For Mac, select "Preferences -> Advanced", and enable checkmark for:
[V] : Press Tab to highlight each item on a web page
By default, this is disabled. If you tab through a page in safari, by default it will skip buttons, but it will go to input fields. With this option enabled, it will also go through buttons and other tabbable items.
":focus-visible works as expected on Safari 14.0.3, just make sure to have the accessibility settings setup."
You are referring to the :focus pseudo-class, not the :focus-visible pseudo-class. You may review documentation for what :focus-visible is and does on this page: https://developer.mozilla.org/en-US/docs/Web/CSS/:focus-visible . As is said there, :focus-visible "...is useful to provide a different focus indicator based on the user’s input modality (mouse vs. keyboard)." This is in contrast to :focus, which is set on an element whether it was selected via tabbing on the keyboard, or by way of clicking with a mouse.
You can see for yourself that Safari/WebKit do not support the :focus-visible pseudo-class: There is also an Example on the page in which you can test tabbing from one input to button to the next — Safari does not show the dashed dark orange outline that comes from :focus-visible styles as it does in Chrome and Firefox.

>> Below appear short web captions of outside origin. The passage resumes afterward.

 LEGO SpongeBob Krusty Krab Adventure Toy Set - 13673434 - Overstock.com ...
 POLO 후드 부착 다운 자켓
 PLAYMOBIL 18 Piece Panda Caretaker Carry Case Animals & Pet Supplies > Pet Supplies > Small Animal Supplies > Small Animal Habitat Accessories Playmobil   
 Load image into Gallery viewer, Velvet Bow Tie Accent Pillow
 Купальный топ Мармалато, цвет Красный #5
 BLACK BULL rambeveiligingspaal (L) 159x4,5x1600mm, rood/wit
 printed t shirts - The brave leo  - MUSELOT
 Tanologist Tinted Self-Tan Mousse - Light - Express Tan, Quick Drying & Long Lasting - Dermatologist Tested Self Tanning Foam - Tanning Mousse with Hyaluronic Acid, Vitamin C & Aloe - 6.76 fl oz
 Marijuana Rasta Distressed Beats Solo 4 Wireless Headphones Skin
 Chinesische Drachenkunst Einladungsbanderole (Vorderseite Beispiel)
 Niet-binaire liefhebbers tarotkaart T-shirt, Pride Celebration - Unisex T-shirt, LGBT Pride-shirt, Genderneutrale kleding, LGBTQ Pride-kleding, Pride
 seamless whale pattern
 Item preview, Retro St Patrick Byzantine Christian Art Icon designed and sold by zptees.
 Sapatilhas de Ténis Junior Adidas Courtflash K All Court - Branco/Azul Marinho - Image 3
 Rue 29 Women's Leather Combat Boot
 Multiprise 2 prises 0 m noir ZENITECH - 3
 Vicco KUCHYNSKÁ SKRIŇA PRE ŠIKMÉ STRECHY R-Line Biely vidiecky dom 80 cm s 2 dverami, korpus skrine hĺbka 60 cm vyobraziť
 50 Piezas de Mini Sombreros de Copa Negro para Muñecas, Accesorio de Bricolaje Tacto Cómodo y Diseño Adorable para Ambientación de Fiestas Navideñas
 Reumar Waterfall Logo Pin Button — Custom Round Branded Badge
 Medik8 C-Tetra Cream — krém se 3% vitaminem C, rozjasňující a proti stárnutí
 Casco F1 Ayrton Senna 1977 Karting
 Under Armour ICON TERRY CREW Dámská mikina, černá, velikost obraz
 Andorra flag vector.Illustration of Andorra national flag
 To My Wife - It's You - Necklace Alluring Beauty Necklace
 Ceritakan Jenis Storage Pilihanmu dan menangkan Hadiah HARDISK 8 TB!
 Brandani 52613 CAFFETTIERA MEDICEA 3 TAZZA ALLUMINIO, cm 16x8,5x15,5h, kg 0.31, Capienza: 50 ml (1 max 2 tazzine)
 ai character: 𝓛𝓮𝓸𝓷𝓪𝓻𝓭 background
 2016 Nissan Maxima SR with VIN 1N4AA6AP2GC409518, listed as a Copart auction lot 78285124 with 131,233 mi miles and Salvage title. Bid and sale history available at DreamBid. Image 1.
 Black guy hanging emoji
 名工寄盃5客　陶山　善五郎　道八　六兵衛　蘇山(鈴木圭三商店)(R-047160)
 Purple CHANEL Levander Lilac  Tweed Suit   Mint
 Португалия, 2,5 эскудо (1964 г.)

Indeed I see now I made a mistake.
The behaviour we were implementing for our UI actually wants default outlines only on focus-visible, but it seems that Safari, with that setting enabled, does that for you (e.g., when tabbing to a button, shows an outline, whilst clicking a button does not) so I wrongly assumed this means the pseudo selector works. But this is by accident just the default behaviour when you opt-in with the accessibility option. Sorry!
(In reply to Justus Romijn from comment #7)
> Indeed I see now I made a mistake.
> The behaviour we were implementing for our UI actually wants default
> outlines only on focus-visible, but it seems that Safari, with that setting
> enabled, does that for you (e.g., when tabbing to a button, shows an
> outline, whilst clicking a button does not) so I wrongly assumed this means
> the pseudo selector works. But this is by accident just the default
> behaviour when you opt-in with the accessibility option. Sorry!
Hey no worries! I just wanted to make sure it is clear to all that :focus-visible is unique, and can be very useful. Indeed, earlier this morning I learned via the MDN article linked that the browser does this by default on button elements. This is good to know!
Re: :focus-visible, I am eager for the myriad possibilities that open up both for other types of elements — anchors, input fields, and more — and also for the creation of more helpful and dynamic focus styles that are aware of the input method.
I am a sighted user, but I do try to use my ergonomic keyboard as much as I can (vs. my mouse; both for ergonomics, and for speed), so I am familiar with, and do tend to recommend turning on the macOS setting to allow keyboard navigation to move focus between controls. :focus-visible would be a great tool for making more intuitive and accessible interfaces.